The Ambition Paradox
There’s this incommunicable paradox in having an ambition that I wrestle with all the time. It has to do with finding gratitude in the now, while seeking better and comparison, not to others necessarily, but to myself.
Thoreau says, “Comparison is the thief of joy.” And in my experience, that is most certainly true.
Ambition is chasing after something that you don’t have. It can be anything. Part of having ambition is seeing a gap between what you have and what you want to have, who you are and who you want to be.
This requires comparison.
Part of my journey has been in comparing myself against thresholds of “where I thought I’d be by now” or “where I need to get to.” This constant comparison by way of goals and ambitions can be exhausting at times. It’s easy to get beat down.

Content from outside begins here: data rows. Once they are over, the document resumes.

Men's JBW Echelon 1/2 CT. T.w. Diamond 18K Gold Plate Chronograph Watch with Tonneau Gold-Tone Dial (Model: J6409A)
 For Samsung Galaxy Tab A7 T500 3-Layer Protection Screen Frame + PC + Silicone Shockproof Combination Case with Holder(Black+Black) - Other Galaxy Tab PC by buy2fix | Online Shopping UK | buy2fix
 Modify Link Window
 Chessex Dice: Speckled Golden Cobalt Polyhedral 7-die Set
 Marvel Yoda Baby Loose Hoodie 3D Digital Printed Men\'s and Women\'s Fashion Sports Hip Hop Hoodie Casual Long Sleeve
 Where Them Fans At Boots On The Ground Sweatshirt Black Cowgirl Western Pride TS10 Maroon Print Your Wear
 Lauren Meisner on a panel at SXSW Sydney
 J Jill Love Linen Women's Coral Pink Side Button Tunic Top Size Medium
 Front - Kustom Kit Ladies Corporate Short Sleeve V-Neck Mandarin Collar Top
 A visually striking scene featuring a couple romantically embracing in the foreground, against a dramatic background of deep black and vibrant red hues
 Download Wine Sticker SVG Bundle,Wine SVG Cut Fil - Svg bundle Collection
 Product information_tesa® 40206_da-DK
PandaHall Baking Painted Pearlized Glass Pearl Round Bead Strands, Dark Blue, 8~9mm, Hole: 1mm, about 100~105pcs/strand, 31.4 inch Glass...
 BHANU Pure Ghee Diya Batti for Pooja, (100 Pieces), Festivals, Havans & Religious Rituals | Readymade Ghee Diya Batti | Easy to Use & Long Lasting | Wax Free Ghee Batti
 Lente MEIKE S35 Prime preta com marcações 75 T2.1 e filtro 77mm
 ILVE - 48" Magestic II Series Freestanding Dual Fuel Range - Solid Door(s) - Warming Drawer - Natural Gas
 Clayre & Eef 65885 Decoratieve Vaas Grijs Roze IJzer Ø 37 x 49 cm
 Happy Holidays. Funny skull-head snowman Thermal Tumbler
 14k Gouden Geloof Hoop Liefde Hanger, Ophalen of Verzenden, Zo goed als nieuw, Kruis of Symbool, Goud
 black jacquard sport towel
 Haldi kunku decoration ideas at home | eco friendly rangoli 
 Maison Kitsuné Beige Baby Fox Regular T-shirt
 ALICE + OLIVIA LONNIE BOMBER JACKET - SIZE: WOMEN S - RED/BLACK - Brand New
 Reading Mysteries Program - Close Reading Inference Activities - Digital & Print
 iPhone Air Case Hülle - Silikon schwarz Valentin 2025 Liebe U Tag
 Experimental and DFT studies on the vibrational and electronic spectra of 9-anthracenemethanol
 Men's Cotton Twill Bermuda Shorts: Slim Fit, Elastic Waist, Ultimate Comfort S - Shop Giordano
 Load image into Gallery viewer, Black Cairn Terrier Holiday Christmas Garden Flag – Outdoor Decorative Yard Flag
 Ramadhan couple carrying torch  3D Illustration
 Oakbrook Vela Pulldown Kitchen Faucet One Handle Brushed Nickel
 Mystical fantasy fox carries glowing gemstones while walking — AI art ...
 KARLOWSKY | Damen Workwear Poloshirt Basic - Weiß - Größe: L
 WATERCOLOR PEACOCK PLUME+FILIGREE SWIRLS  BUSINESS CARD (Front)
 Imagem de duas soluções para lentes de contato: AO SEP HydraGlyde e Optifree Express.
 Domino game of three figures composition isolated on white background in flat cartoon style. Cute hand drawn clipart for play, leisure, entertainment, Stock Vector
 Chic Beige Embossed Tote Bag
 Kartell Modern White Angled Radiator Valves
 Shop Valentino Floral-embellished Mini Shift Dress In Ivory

But on the flip side, it’s what drives me. The vision is what pulls me forward towards growth and higher contribution. The opportunity to serve and become better is what grounds me in gratitude. It gets me to pick up the umpteenth book when I could turn on the tube instead.
When you’re wrapped up in ambition, it’s easy to lose sight of what this is all for. It’s the classic parable in The Alchemist. What you seek to be, you already are. What you seek to have, you already have.
We all “know” this stuff. We understand these paradoxes. They’re codified in all sorts of aphorisms and phrases. But that’s just it. For many of us, we have to chase down our ambitions to realize somewhere on the path that “getting” something isn’t the goal at all.
It’s to enjoy the process of life itself.
We have ambitions and goals, and compare ourselves to others, because we think those things will make us happy.
But those are just the vehicles.
Happiness happens in the now (or never).